We also, in what we shared with you in Detroit, had an $80 million noncash restructuring cost estimate for '06.
Essentially that will be now reduced because of the asset impairments that we incurred in the fourth quarter here of '05.
Our estimate now for those noncash restructuring costs in '06 are about $30 million.
I'm sorry, I forgot the other part of your question.
- CFO
In terms of the last question, that kind of net bucket at the end of the walk there, essentially that covers material cost savings, plant efficiencies, commercial resolution items or productivity agreements with our customers, cost increases, then we've got the volume/mix story in there as well.
So if you looked at it based on history, we're very comfortable that we'd be able to beat that, but you do have that volume/mix piece in there as well, so that is going to play a role, and we're just going to have to see how that plays out over the year.
- Analyst
Okay.
Thank you.
Operator
The next question comes from the line of Darren Kimball with Lehman Brothers.
- Analyst
I had a question on the EBIT-R walk from net income to EBIT-R.
You're adjusting for interest, taxes, then the impairment and then the gain, and I'm just -- which line item is the adjustment for the restructuring cost and the favorable reimbursement in, to get f from the 1.338 to the 1.02?
- CFO
What page?
- Analyst
This is page 4 of the press release.
The net income to EBIT-R walk.
It's just a follow-up basically to Mike Bruynesteyn's question.
- CFO
Well, if you're talking about the quarter, it's just not in there.
If you're talking about the year it nets out to 0.
So the 102 does not have the benefit of greater reimbursements than costs.
- Analyst
Okay.
Because your income statement, you know, walks to 1.338.
I'll follow up on that one.
Let me ask a different question.
Maybe I missed it, but the European performance issue that you referenced, did you explain that?
- Chairman, CEO
Other than to say it was unexpected performance problems in Europe, we didn't go into any more detail than that.
- Analyst
Okay.
But it's just a reference to operating issues?
- Chairman, CEO
Right.
- President, COO
Darren, we did say in selected operations.
It's not across the continent.
There are a few operations that performance was less than what we expected in the fourth quarter.
- Analyst
Okay.
Question on cash flow.
If you look at the fourth quarter, and you exclude the ACH effects, you really had, you know, phenomenal working capital performance, and I was just wondering if you could talk a little bit more about what accounts for that.

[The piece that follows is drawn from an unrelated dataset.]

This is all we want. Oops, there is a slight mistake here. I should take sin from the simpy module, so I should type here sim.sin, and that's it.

And I know that you said that the 2006 will not suffer from it, but will the first quarter -- and really the question is, since we don't have a lot of experience with the new company, I mean, is this suggestive of what the new seasonality is going to be, sort of working capital performance in 2006 is going to be heavily loaded in the fourth quarter?
- CFO
No Darren, I think basically what's affecting positively, as you said, the working capital performance, or cash flow performance, is really the increased focus that we have on better management of working capital.

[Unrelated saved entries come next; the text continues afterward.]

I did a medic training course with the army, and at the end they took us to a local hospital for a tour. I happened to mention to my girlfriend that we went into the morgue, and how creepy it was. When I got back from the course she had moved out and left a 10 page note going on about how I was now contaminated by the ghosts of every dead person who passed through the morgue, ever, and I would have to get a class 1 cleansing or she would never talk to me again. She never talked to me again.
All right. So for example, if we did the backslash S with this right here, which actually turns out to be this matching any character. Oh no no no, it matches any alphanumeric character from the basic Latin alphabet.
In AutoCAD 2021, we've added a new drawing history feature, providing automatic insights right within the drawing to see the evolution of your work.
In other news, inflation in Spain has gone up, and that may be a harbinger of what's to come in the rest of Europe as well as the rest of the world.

That better management of working capital is reflected in those DSOs and DPOs that we see on the chart that's in the presentation.
And even with that better performance, we're in the, at best, middle of the pack.

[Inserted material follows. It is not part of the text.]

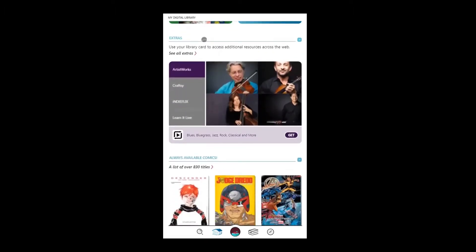Extras will only show if your library has added these services to their collection. If your library has not added any of these services, you will not see Extras at this time.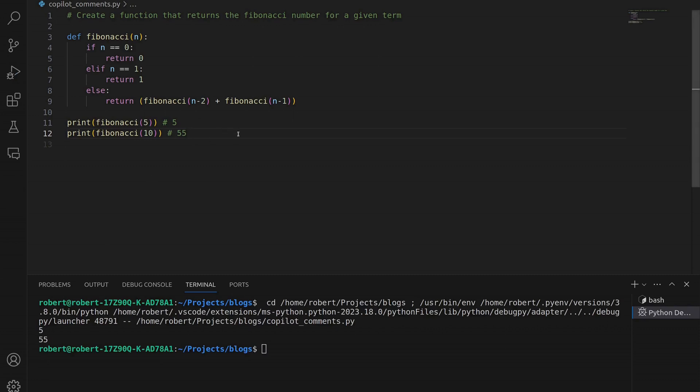You may have noticed that Copilot created this function using the recursion technique, which is a great way to implement Fibonacci. But what if we wanted to use a different technique rather than recursion — for example, a for loop or a while loop? How about we ask it to rewrite or refactor this function without recursion, but by using a for loop instead?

So there is still a tremendous opportunity to improve our performance in both DSOs and DPOs.
We've recognized the importance of free cash flow to our future, we've incentivized our people by changing the annual incentive with essential 50% of the annual incentive being tied to achieving that $50 million of free cash flow for 2006.
So I think with incentives aligned, performance will improve.
- President, COO
Darren this is something that we started kind of middle of 2005, and is just starting to take hold in terms of getting the information out to the customer groups and to those guys responsible, and I think we're all very pleased with how it's going.
At the end of the year, we had Senior Vice Presidents calling around, trying to collect money from our customers in the $500,000 to $1 million levels.
And it is starting to change, and so I think that, yeah, there is opportunity out there to continue to improve this.
I think most of the improvement that we saw at that time year-end here, or in the fourth quarter, was a -- was a North American-based number.
And as we get that message out to Europe and work with tier peen guys and make sure that they have the right information, we'll see improvement there as well.
- Analyst
Okay.
And lastly, I just wanted to ask about the commercial performance issue.
I mean, I just really want to understand what that -- what that fourth quarter surprise says about 2006.
In January, you know, you were still, you know, negotiating with your customers about price, and obviously, you know, didn't turn out well, and what would prevent similar surprises in 2006, I guess is my question.
- Chairman, CEO
Darren, Mike.
The commercial agreements -- it's not unusual for the negotiations to go on right at the end of the year.
In fact, depending on the customer, it can be actually the standard that some folks work to.
In this particular case, we settle something in'05, and it does not have an effect on '06.
And I don't want to go into the impact or the details of the commercial agreement, but the adjustment was won, and it was a negotiation -- it was one where we elected to make a decision that would impact '05.
And we got something for that decision going forward.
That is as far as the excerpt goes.